── Data excerpt ──

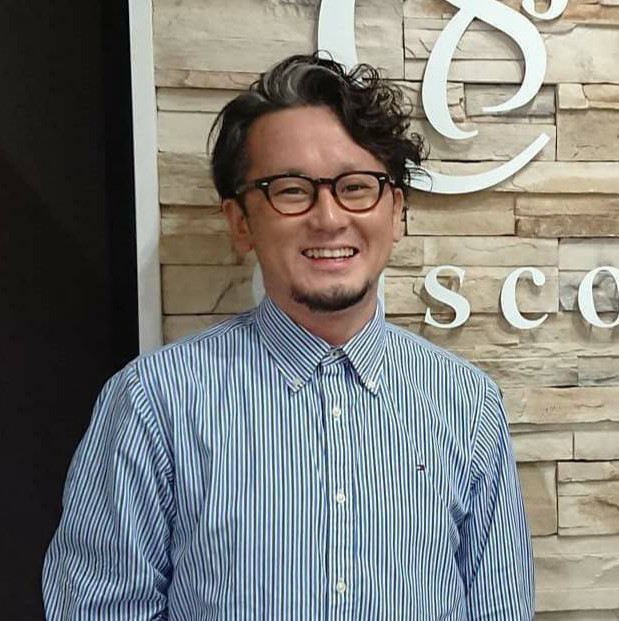cisco_ashidasan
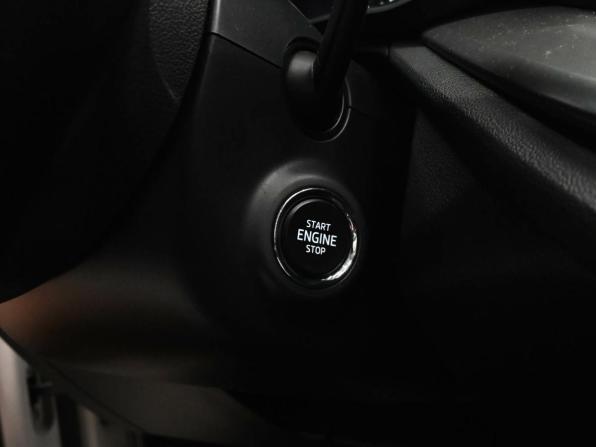 Skoda Octavia IV (A8) с пробегом 2020 года, цена 2 080 000 рублей, 136996 км, лифтбек, Автокод Объявления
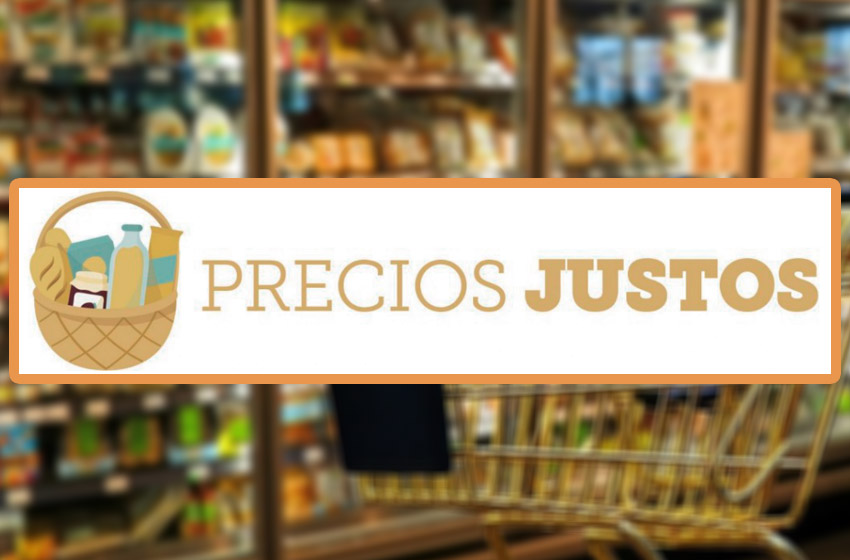 precios-justos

───

**Exercise**: Your copy should match the data above exactly, apart from the pictures.

**Finished task**:
cisco_ashidasan
 Skoda Octavia IV (A8) с пробегом 2020 года, цена 2 080 000 рублей, 136996 км, лифтбек, Автокод Объявления
 precios-justos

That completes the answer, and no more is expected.